◆ **Task data**:
»»

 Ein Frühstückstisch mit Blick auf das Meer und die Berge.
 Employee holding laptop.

««
»»

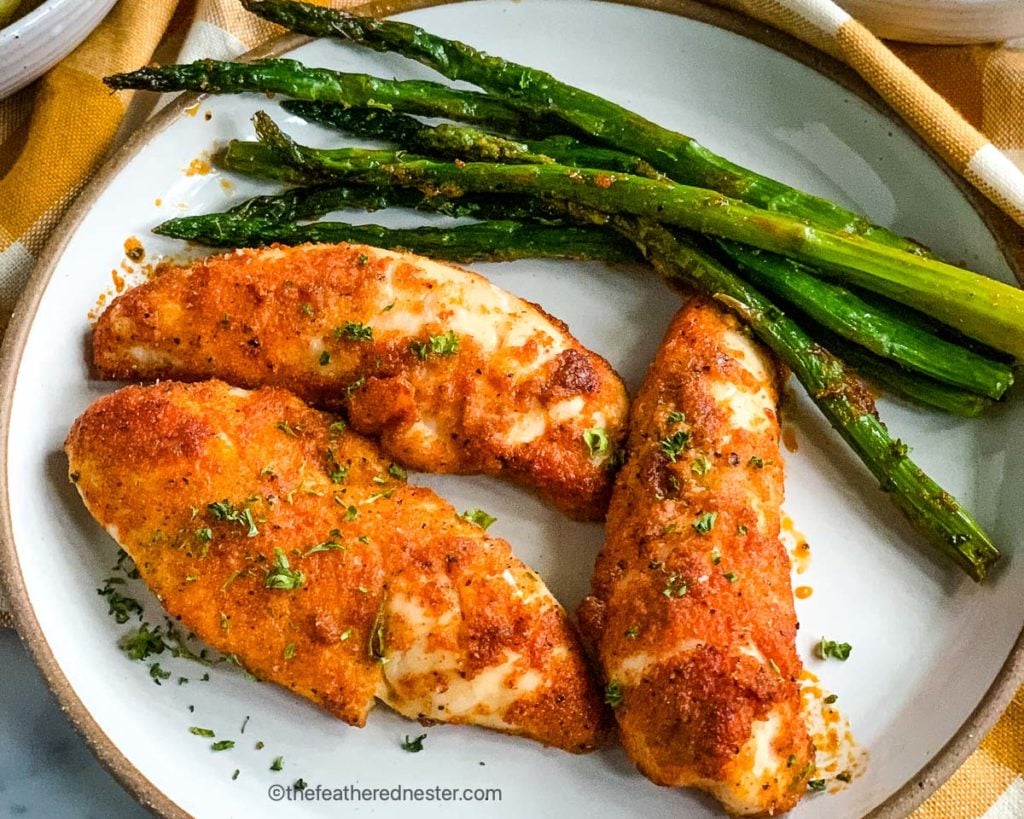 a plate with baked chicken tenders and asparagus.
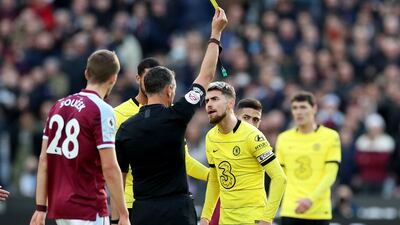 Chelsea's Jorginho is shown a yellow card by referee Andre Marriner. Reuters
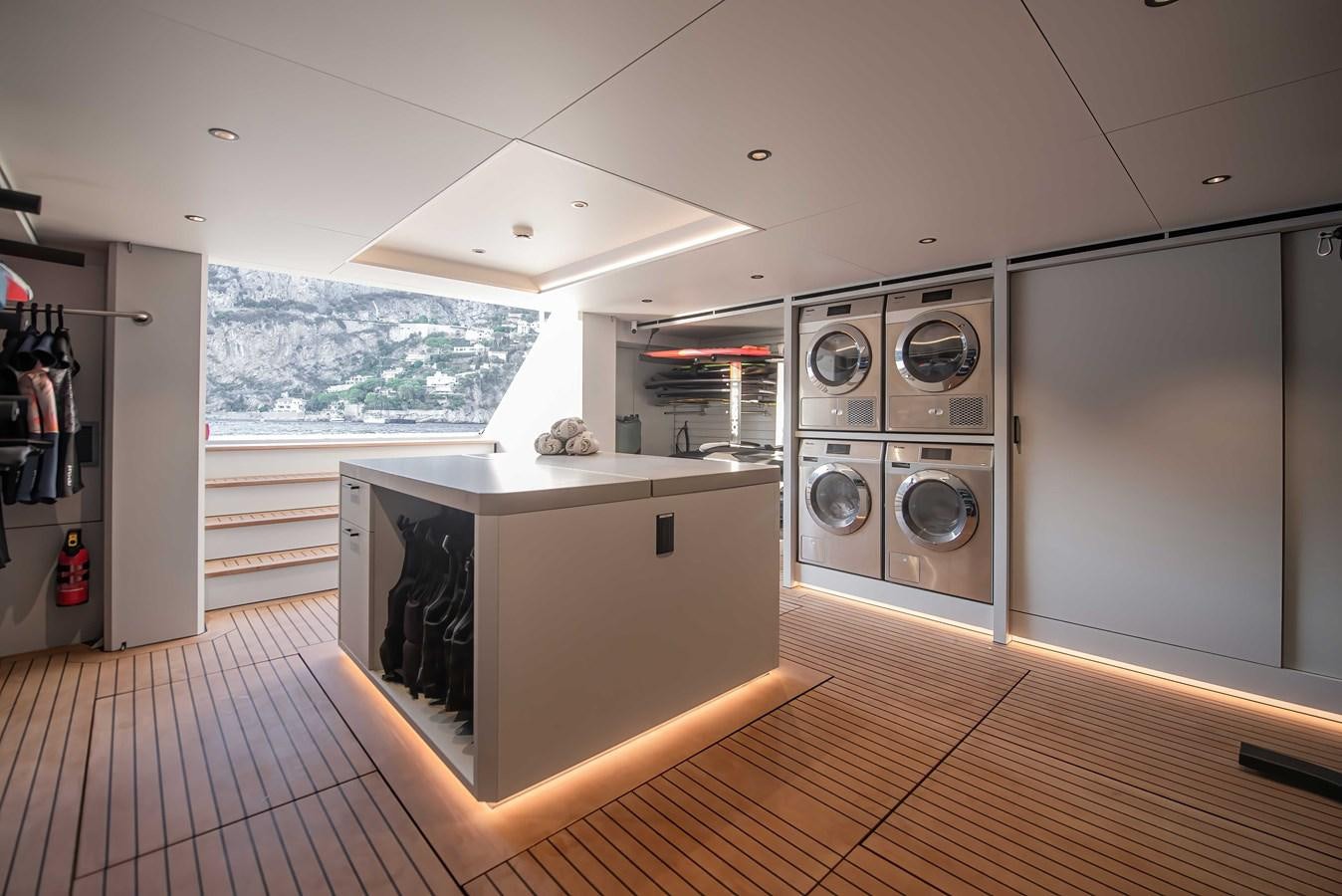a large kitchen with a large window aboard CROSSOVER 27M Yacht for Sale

««

◆ **Work order**: Would you retype the lines above from the one with "Ein Frühstückstisch mit" down to the one with "Employee holding laptop.", word for word, both ends included and no other lines?

◆ **Solution**:
 Ein Frühstückstisch mit Blick auf das Meer und die Berge.
 Employee holding laptop.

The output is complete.